Today we enabled Bluesky as an option in Micro.blog. This adds to our existing cross-posting feature that supports platforms such as Mastodon, Tumblr, Medium, and Flickr. When you post to your blog, Micro.blog can copy the post to any of these platforms automatically.
As Twitter continues to implode, we are seeing a renewed interest in the open web and decentralized social media. It’s an exciting time. Mastodon and the larger fediverse have grown to nearly 9 million users. Micro.blog is part of that with its support for ActivityPub, so Mastodon users can follow and reply to Micro.blog users directly.

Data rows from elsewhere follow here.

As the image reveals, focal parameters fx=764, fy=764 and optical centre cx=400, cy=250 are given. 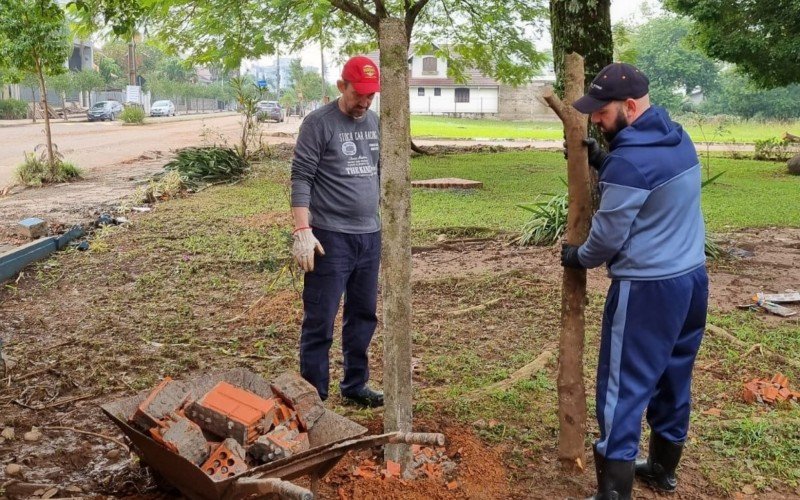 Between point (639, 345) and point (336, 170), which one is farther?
point (336, 170)

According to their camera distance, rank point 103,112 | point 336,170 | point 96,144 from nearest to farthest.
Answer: point 336,170, point 96,144, point 103,112

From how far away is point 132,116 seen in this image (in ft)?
131

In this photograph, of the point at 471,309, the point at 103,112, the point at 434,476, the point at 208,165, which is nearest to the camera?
the point at 434,476

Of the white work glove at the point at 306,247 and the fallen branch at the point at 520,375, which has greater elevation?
the white work glove at the point at 306,247

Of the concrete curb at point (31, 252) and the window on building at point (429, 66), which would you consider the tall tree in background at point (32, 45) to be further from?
the window on building at point (429, 66)

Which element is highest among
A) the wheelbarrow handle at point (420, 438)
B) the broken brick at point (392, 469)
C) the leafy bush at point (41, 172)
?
the leafy bush at point (41, 172)

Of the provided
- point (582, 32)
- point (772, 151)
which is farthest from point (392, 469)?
point (772, 151)

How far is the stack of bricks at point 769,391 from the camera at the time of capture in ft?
15.1

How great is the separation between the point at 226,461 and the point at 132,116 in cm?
3982

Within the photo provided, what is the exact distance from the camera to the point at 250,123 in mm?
17781

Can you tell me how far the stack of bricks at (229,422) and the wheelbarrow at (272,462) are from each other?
0.06 meters

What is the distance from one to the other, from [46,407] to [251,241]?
17.2ft

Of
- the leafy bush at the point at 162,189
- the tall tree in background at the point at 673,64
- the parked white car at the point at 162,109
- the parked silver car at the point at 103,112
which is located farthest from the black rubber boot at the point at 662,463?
the tall tree in background at the point at 673,64

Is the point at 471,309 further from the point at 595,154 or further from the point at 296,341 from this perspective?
the point at 595,154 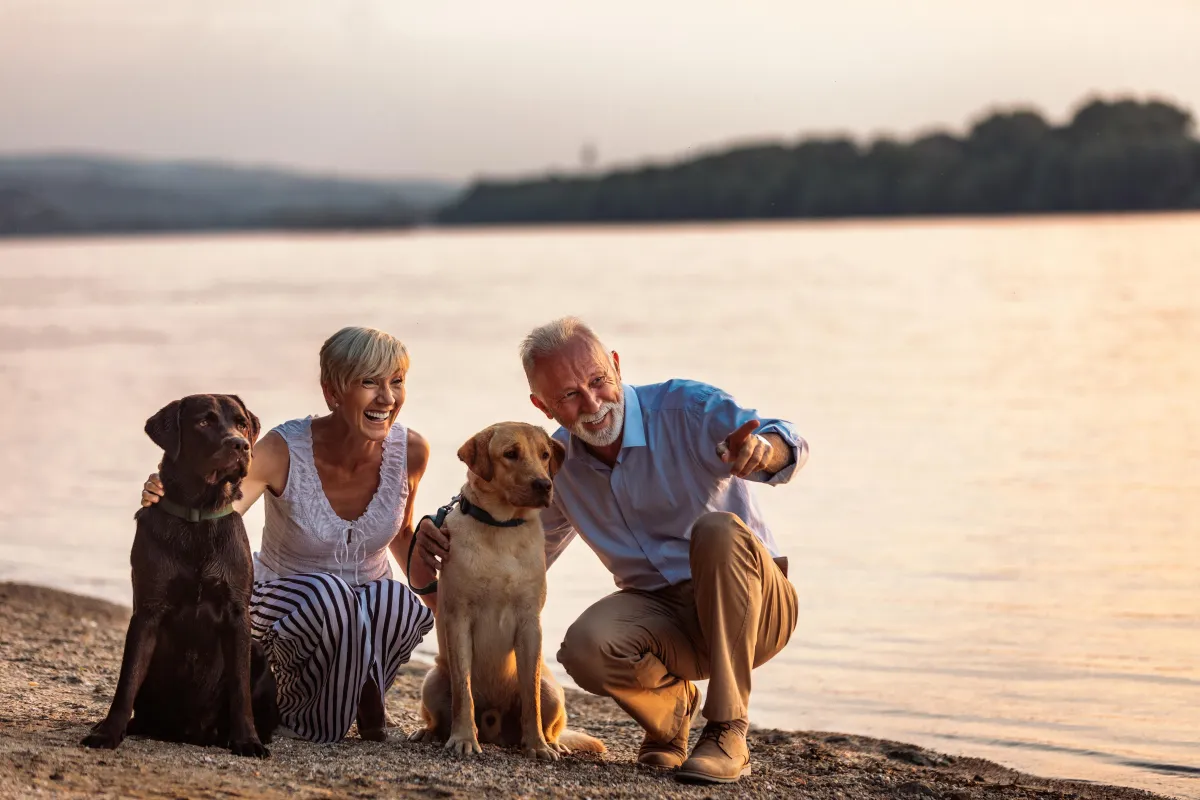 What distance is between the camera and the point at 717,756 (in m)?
4.79

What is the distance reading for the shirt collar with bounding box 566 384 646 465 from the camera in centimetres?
509

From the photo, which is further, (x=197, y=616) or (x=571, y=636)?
(x=571, y=636)

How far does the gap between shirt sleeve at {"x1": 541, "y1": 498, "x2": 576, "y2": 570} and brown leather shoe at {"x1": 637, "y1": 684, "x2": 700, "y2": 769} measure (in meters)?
0.67

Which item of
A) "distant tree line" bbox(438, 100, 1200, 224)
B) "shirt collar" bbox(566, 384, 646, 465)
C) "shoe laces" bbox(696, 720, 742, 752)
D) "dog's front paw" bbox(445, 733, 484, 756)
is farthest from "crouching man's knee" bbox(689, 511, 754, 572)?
"distant tree line" bbox(438, 100, 1200, 224)

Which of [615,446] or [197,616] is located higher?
[615,446]

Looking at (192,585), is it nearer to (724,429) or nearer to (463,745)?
(463,745)

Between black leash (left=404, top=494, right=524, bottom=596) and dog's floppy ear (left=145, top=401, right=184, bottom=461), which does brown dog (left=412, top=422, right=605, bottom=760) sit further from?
dog's floppy ear (left=145, top=401, right=184, bottom=461)

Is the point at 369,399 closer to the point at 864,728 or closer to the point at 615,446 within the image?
the point at 615,446

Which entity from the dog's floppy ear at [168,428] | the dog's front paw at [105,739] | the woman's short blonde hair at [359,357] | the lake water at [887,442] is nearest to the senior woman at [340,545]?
the woman's short blonde hair at [359,357]

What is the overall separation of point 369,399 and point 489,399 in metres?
13.0

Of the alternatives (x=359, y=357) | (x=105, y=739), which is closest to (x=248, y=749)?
(x=105, y=739)

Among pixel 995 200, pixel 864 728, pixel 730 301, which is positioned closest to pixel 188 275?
pixel 730 301

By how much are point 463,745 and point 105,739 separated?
1099 millimetres

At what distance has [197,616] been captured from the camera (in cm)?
447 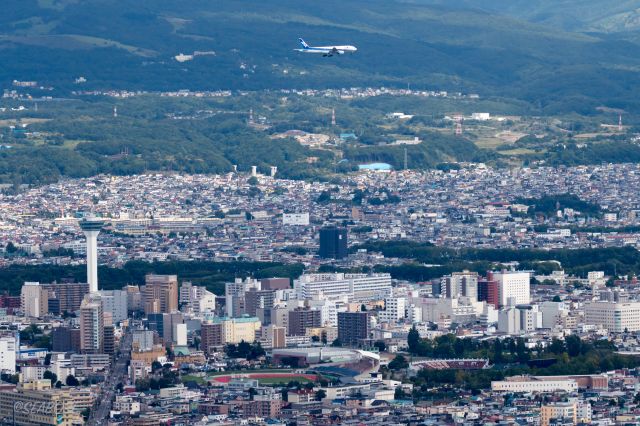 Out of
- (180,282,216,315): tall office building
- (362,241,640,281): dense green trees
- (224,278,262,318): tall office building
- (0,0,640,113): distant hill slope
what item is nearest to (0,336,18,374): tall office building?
(224,278,262,318): tall office building

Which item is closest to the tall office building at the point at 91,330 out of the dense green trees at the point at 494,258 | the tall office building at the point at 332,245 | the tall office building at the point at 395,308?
the tall office building at the point at 395,308

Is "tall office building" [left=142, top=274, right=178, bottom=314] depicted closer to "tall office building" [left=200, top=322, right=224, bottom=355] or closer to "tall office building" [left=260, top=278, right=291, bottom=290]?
"tall office building" [left=260, top=278, right=291, bottom=290]

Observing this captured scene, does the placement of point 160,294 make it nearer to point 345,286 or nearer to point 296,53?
point 345,286

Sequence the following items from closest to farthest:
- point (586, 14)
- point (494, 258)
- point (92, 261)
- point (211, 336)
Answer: point (211, 336)
point (92, 261)
point (494, 258)
point (586, 14)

While Mastodon and ActivityPub have most of the attention, I’m not entirely sure how this next generation of open protocols is going to shake out. I like how Bluesky is focused on domain names and data portability, principles that are shared by the IndieWeb and Micro.blog. Whatever happens with Bluesky, I think there’s inspiration here that can benefit other platforms as well.

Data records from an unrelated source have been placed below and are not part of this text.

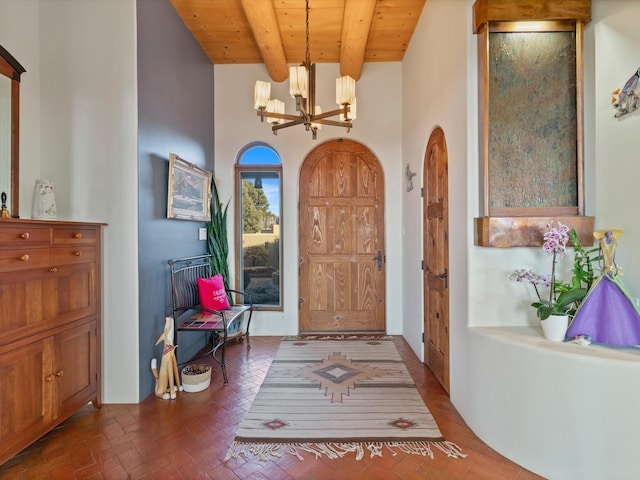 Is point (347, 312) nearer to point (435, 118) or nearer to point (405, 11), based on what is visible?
point (435, 118)

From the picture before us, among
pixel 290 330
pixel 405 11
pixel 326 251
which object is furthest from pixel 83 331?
pixel 405 11

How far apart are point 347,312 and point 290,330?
0.79 metres

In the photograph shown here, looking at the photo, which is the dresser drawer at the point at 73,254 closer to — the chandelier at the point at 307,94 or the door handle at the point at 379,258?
the chandelier at the point at 307,94

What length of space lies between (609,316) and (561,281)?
38 centimetres

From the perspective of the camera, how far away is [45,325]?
203cm

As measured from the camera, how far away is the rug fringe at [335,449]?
2.01 meters

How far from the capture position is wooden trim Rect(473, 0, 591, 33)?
7.07ft

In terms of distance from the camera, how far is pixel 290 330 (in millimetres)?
4449

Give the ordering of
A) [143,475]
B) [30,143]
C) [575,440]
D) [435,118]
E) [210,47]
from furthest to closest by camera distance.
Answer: [210,47], [435,118], [30,143], [143,475], [575,440]

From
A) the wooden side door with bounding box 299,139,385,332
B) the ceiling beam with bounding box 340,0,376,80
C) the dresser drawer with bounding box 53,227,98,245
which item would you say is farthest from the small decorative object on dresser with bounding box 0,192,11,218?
the ceiling beam with bounding box 340,0,376,80

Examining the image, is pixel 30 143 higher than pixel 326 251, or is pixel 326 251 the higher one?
pixel 30 143

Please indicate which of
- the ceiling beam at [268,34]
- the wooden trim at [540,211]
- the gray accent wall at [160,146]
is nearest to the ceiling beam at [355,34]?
the ceiling beam at [268,34]

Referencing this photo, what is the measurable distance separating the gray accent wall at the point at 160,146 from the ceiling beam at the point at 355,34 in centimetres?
171

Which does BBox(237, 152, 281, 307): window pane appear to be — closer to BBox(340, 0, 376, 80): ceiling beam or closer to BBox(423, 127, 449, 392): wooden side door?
BBox(340, 0, 376, 80): ceiling beam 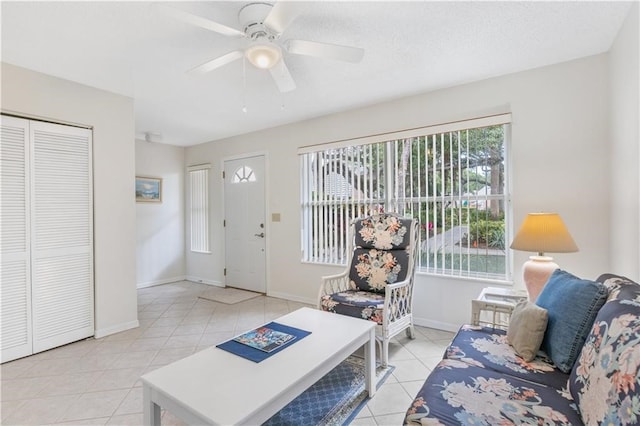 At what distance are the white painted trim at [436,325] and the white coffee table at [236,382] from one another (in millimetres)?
1621

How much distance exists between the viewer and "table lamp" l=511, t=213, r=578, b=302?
6.47ft

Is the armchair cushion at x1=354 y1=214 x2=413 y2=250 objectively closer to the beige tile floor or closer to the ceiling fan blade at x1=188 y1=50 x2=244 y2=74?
the beige tile floor

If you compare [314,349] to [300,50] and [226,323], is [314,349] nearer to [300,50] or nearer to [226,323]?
[300,50]

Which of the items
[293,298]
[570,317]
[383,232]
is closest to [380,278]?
[383,232]

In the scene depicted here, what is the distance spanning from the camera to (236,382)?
52.6 inches

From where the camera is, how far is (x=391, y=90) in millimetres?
3061

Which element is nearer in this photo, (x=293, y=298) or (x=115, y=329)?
(x=115, y=329)

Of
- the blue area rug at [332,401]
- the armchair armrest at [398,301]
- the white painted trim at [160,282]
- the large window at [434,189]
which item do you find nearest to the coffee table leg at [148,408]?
the blue area rug at [332,401]

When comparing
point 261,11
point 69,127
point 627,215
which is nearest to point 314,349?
point 261,11

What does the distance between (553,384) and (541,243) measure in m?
1.00

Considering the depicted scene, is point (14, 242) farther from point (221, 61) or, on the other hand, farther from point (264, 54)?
point (264, 54)

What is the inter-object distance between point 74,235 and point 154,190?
2.38 metres

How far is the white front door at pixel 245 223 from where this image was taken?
449 centimetres

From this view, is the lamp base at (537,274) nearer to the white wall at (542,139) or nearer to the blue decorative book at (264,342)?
the white wall at (542,139)
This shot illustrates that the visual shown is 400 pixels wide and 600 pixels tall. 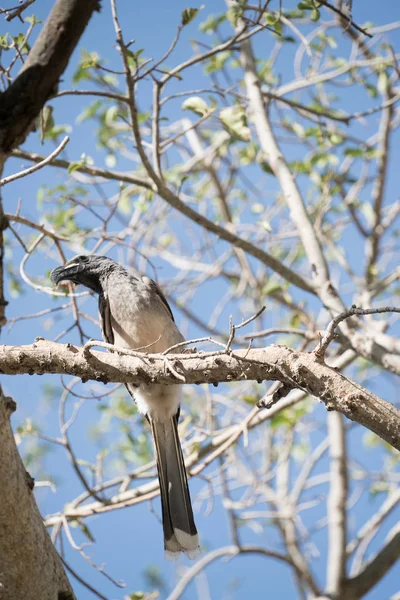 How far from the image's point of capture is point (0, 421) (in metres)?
2.37

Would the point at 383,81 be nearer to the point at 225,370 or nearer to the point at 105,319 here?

That’s why we’re adding support for Bluesky now, even before the Bluesky folks have rolled it out to everyone on their waiting list. Micro.blog has never been about a single protocol. It’s about putting your blog at the center of your online identity, the place where you can post short posts, longer essays, photos, podcasts, or whatever else you want to share.
It’s still early. I’ll be watching how Bluesky evolves. There will be challenges to potentially intertwine different approaches to federation. But now is not the time to build walls. Let’s try a few things, new ways to connect platforms, knowing some might not pan out, because that’s how the open web gets better.